A decade + of the Eta performance, including that beyond two days: any lessons for the road ahead?
First tests with the Eta Model that included a comprehensive physics package were done just about
15 years ago. Since that time the Eta has faced a number of challenges in the form of comparison
with results of other models. In addition, different Eta setups in terms of domains size and
resolution have been run for extensive periods. Some of the ensuing comparison results are
recalled as well as presented, and commented upon.

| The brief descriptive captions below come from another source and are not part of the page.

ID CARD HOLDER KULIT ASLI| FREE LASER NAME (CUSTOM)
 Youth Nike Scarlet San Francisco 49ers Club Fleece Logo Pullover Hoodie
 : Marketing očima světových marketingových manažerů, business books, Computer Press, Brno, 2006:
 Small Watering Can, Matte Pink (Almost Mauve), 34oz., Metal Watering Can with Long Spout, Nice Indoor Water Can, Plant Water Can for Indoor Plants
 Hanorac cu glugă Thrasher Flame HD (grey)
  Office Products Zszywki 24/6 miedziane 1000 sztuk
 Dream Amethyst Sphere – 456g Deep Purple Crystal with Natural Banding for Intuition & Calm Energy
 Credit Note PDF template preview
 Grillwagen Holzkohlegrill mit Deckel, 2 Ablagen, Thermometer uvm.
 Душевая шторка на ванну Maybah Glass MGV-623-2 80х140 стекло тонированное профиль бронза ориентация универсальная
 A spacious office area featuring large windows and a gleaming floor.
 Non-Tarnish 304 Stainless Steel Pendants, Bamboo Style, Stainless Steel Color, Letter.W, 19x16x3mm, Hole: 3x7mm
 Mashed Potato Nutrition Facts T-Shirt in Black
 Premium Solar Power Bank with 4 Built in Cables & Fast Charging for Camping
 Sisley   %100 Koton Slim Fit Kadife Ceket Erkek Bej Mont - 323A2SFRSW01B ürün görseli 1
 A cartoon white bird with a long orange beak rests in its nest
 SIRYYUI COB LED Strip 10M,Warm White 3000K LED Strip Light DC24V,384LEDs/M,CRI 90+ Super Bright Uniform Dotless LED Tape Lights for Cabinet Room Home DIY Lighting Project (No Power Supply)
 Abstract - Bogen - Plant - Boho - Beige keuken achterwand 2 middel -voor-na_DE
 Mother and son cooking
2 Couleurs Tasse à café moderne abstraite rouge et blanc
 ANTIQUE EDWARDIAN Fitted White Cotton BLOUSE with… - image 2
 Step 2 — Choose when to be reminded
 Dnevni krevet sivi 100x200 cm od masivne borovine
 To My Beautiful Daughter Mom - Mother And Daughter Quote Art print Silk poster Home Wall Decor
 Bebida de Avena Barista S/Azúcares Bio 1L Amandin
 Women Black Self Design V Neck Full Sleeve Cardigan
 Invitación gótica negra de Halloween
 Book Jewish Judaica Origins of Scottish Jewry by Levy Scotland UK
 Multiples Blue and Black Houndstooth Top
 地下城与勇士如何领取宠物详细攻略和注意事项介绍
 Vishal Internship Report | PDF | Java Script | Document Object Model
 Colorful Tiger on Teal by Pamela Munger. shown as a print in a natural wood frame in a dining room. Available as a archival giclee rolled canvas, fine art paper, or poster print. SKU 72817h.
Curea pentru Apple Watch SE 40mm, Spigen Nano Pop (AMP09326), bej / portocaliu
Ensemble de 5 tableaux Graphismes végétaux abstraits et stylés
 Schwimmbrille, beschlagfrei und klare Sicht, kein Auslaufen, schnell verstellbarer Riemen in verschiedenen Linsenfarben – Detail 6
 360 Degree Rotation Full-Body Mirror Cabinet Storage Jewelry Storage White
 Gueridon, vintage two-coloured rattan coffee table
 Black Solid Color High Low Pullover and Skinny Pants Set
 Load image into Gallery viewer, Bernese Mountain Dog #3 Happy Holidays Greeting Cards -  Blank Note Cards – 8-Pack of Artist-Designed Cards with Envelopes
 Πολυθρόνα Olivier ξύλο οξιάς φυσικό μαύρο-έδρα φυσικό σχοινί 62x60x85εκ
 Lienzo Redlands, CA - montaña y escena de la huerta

As to more recent times, an effort is mounted
to assess the performance of the Eta beyond two days, in view of the extension of its forecast
time to 84 h in April 2001. Given that in its operational setup the Eta is using the lateral
boundary condition of the Avn run initialized 6 h earlier, one might expect that beyond about two
days the Eta skill falls behind that of the Avn of the same initial time, due to the inflow of the
less accurate lateral boundary data. Three kinds of statistics are inspected aimed at identifying
this anticipated loss of skill: Eta vs Avn precipitation scores at later vs those at earlier
forecast times, rms fits to raobs as a function of time, and accuracy in placing the centers of
major lows at 60 h forecast time. In none of those sings of the Eta relative loss of skill were
found evident. Possible implications are commented upon, in view of guidance they may offer in
attempts to improve NWP skill still further in the years to come.